A plan for growth? What the 2023 spring budget means for solicitors and justice

Jeremy Hunt’s spring budget promises “a new plan for growth”. But what does it mean for justice and legal services? We explore the likely impact on solicitors, firms and society.
Chancellor Jeremy Hunt stands on the steps of Number 11 Downing Street after delivering the spring budget 2023. Jeremy Hunt is a white man with short brown hair.

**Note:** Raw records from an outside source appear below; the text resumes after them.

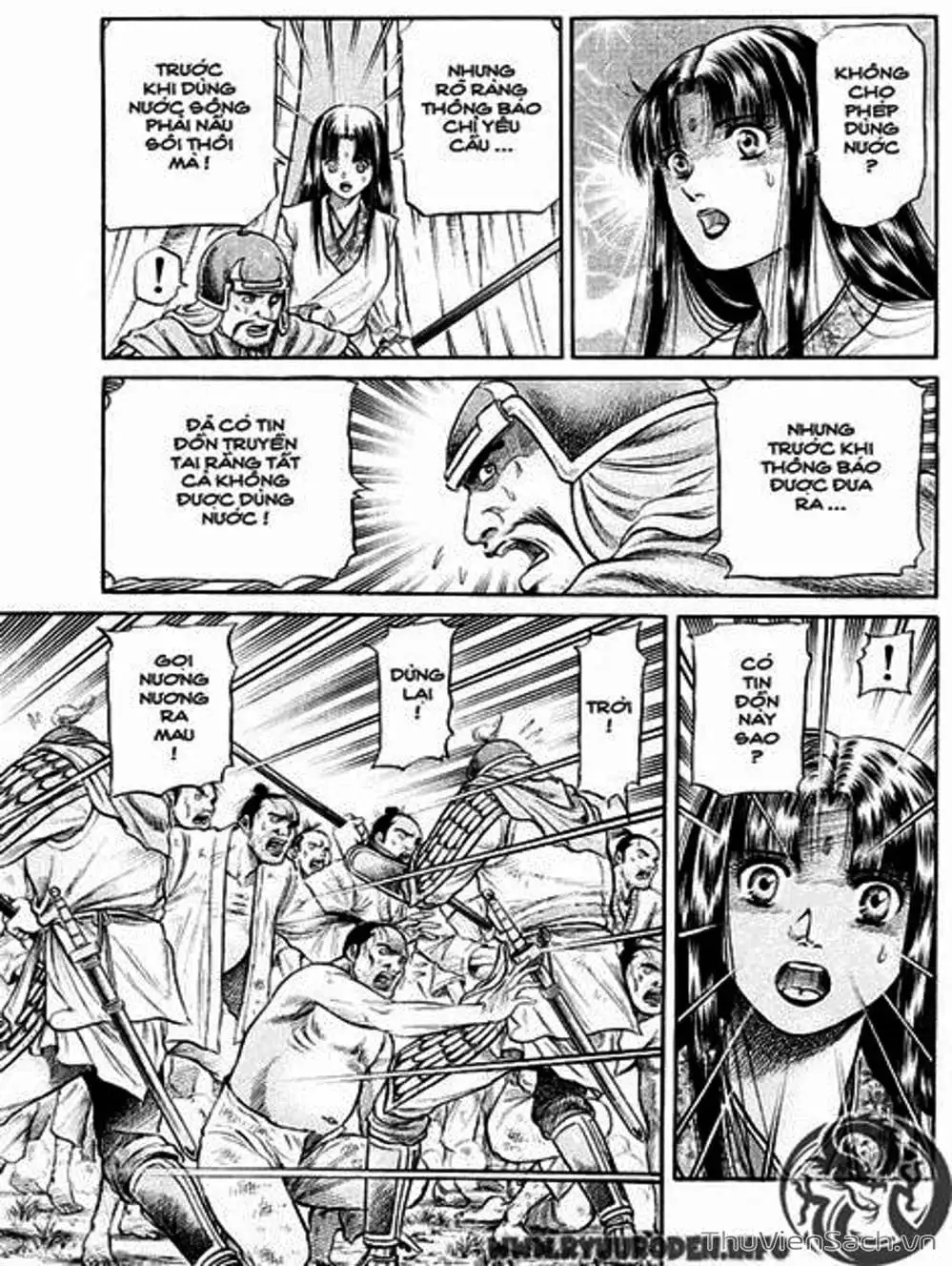 Truyện Tranh Chú Bé Rồng - Ryuuroden trang 5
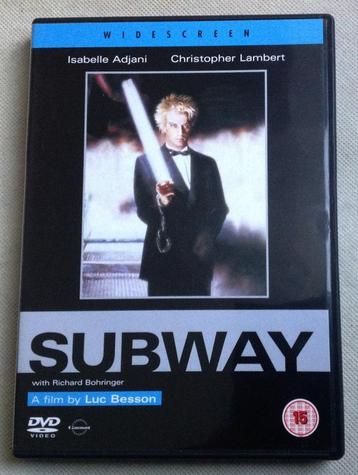 Subway Luc Besson Christopher Lambert Cinema du Look beschikbaar voor biedingen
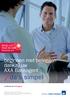 da s simpel beginnen met beleggen dankzij uw AXA Bankagent Belegt u al? Draai dan deze brochure om. axabank.be/beleggen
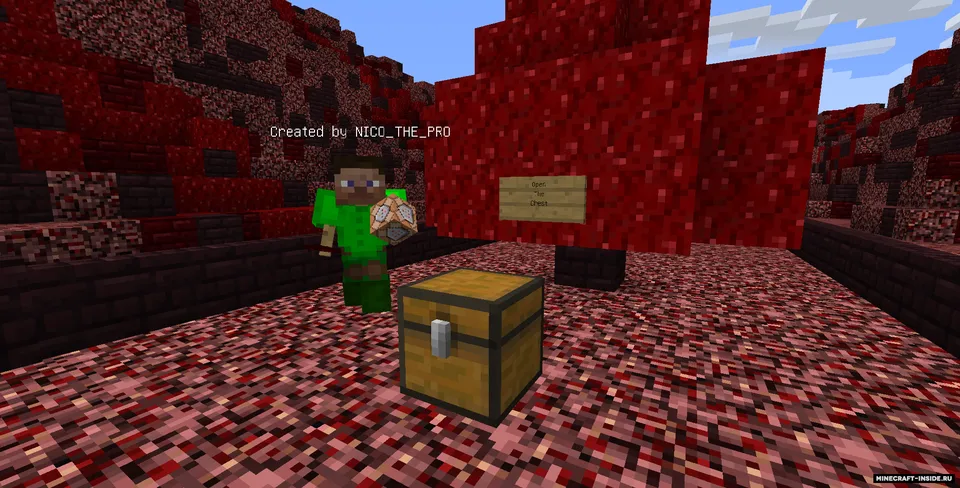 Unfair Nether — Minecraft xarita, rasm 7
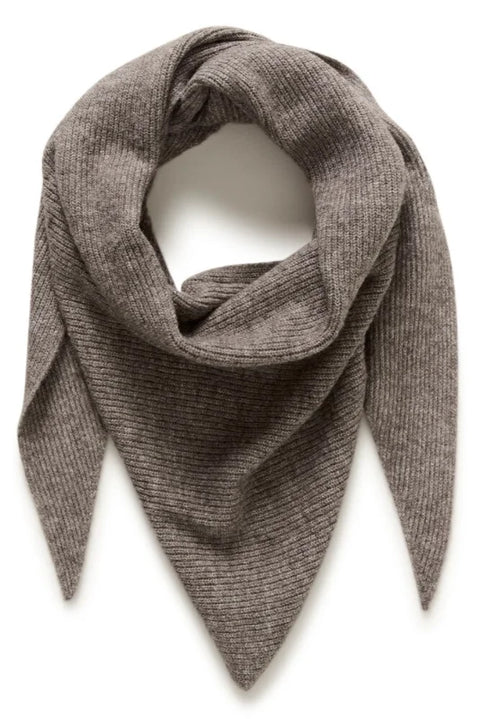 Saint Tropez Alullu Scarf In Iron Melange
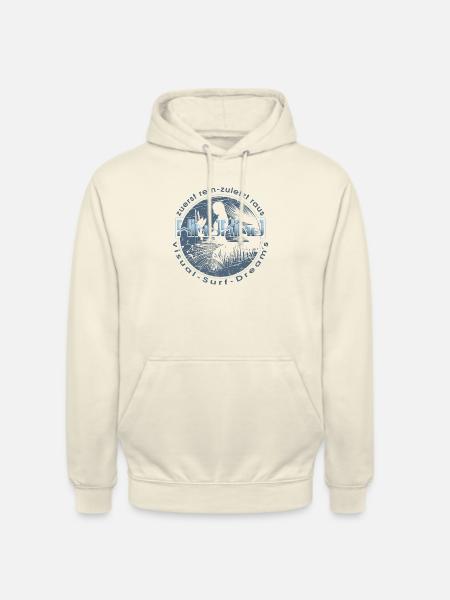 Visual Surf dream - Unisex Hoodie - Vanille-Milchshake
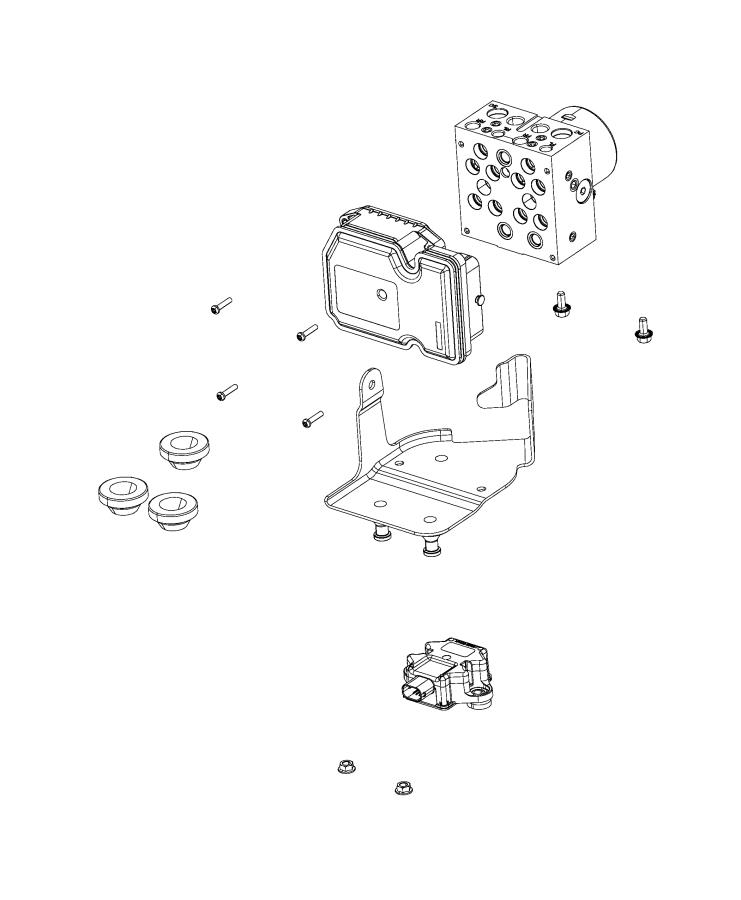 Diagram Modules, Body. for your 2000 Chrysler 300  M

He wears a dark suit, white shirt and blue striped tie, and holds aloft a red dispatch box.

A chancellor’s budget usually come with a few surprises and unexpected carrots to get voters – or even just MPs – onside.

But when Jeremy Hunt got to his feet and outlined what he called “a plan for growth”, the majority of his policies did not come as a shock, having been splashed in the media in the days before.

There were no increases to justice spending and little directly for legal services.

But this was a budget aimed firmly at the workforce and boosting productivity, with some policies of note that could affect the sector.

Tax changes

So, how will Hunt meet his goal of making Britain “the most prosperous country in the world”?

Over the next three years, businesses that pay corporation tax will be able to offset 100% of their investment in IT equipment or machinery against profits to bring down their tax bills.

This will last three years, but the chancellor wants to see it made permanent when able to.

We’re exploring how law firms could be included within this relief.

For example, if your firm pays corporation tax, this may be a sensible time to upgrade computer systems, which could – alongside other measures – help reduce your risk of ‘cyber events’, and perhaps bring down the costs of cyber and professional indemnity insurance.

Measures for workers

The abolition of the lifetime allowance means that there is no longer a limit on how much someone can accumulate in their pension before having to pay extra tax.

Aimed predominantly at slowing the number of NHS doctors retiring early, it will be welcome news for those accumulating a large pension pot.

Proving once again that imitation is the best form of flattery, the chancellor will also create 12 new investment zones across the UK, intended to follow the example of Canary Wharf.

These zones will be eligible for £80 million in funding that can be spent on tax and infrastructure incentives to attract investment.

With announcements of additional hours of free childcare, more skills support for older workers and extra help to encourage disabled people to return to work, this was chiefly a budget aimed at boosting the workforce and making the economy more productive.

Finally, support aimed at households for energy costs will remain in place for now.

The chancellor has extended the Energy Price Guarantee until June to keep household energy costs at an average level of £2,500 for a further three months.

No money for justice

The budget was perhaps more significant for what was missing.

There was no change to justice spending or any department outside of defence, with spending only forecast to increase in 2024/5.

The Resolution Foundation has calculated that this amounts to a 10% cut in real terms spending by 2027/28 due to inflation.

Law Society president Lubna Shuja called this budget a missed opportunity to halt the crisis in legal aid and the courts system.

More positively, the chancellor announced that the UK is no longer forecast to enter a recession this year, while unemployment is set to peak at around 4%.

Given the impact of energy price increases and pressures from inflation, that will be seen as a big win by ministers.

The lack of rabbits, carrots or other goodies suggests the chancellor is content to keep things calm after last year’s mini budget, with few extensive policy changes.

The autumn statement later this year may be the time Hunt chooses to set out a stall ahead of the general election, expected at some point in 2024.